━━ Recorded data

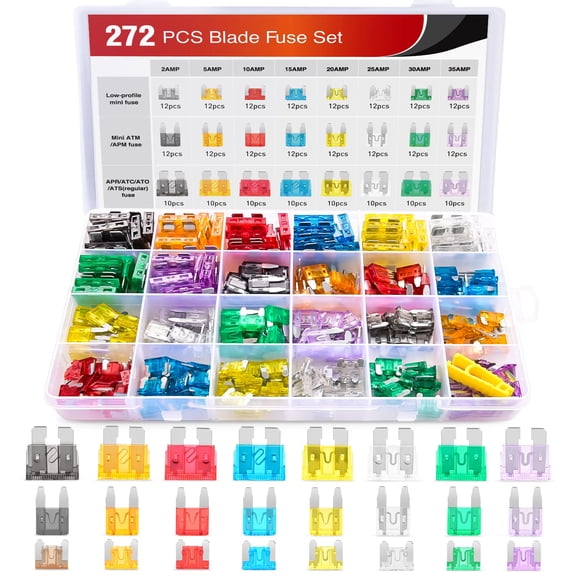 Loloft 272PCS Regular, Mini & Low Profile Mini Blade Fuse Assortment Kit, 3 Types 2A 5A 10A 15A 20A 25A 30A 35A Replacement Fuses for Car, Truck, SUV, RV, Boat Automotive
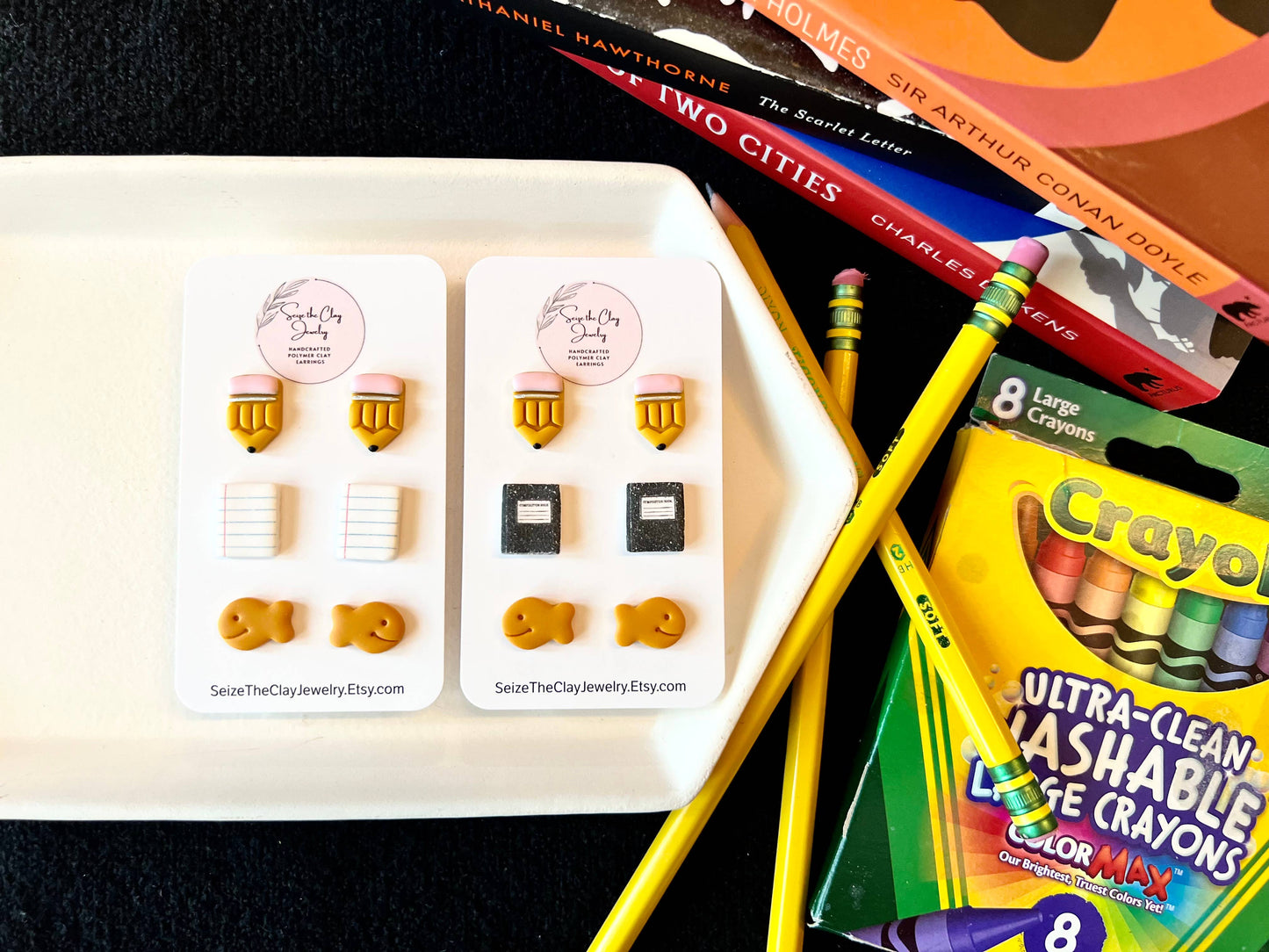 Pencil Clay Studs, Paper Clay Studs, Goldfish Studs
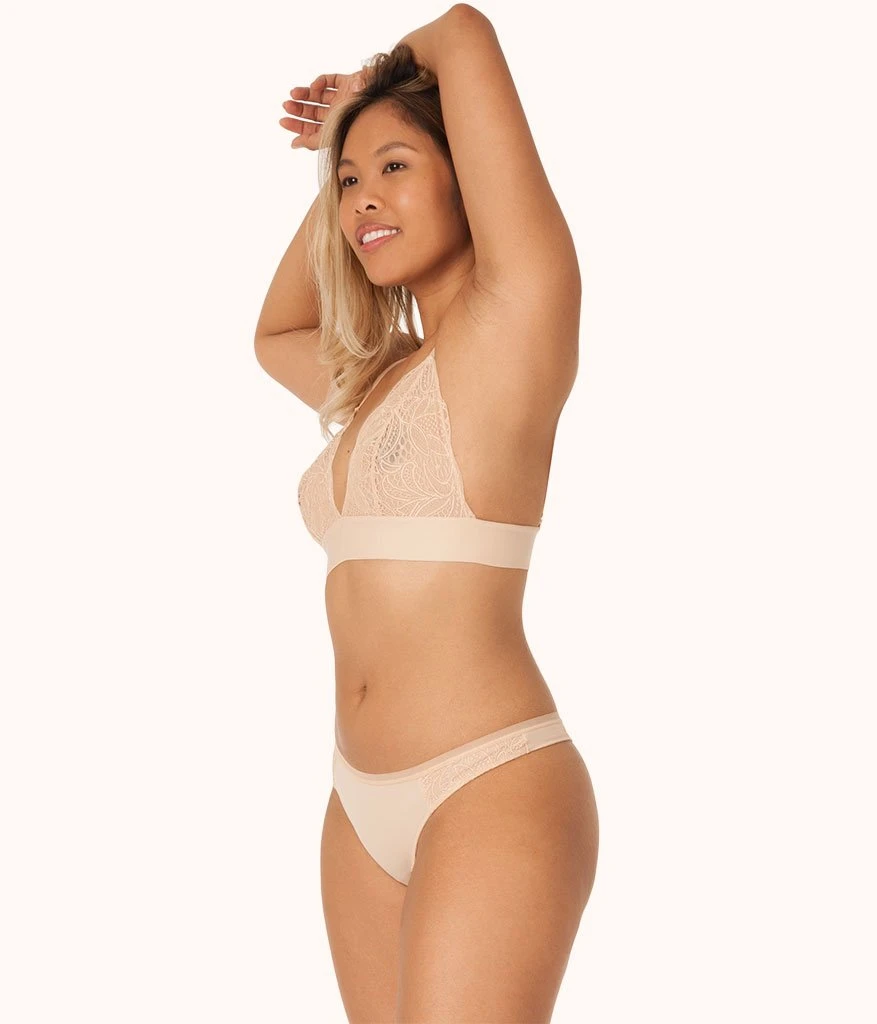 The Palm Lace Thong: Toasted Almond 1 The Palm Lace Thong: Toasted Almond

━━━━

### [What is being asked]
The preceding listing must be repeated exactly, with all images dropped.

### [Written answer]
 Loloft 272PCS Regular, Mini & Low Profile Mini Blade Fuse Assortment Kit, 3 Types 2A 5A 10A 15A 20A 25A 30A 35A Replacement Fuses for Car, Truck, SUV, RV, Boat Automotive
 Pencil Clay Studs, Paper Clay Studs, Goldfish Studs
 The Palm Lace Thong: Toasted Almond 1 The Palm Lace Thong: Toasted Almond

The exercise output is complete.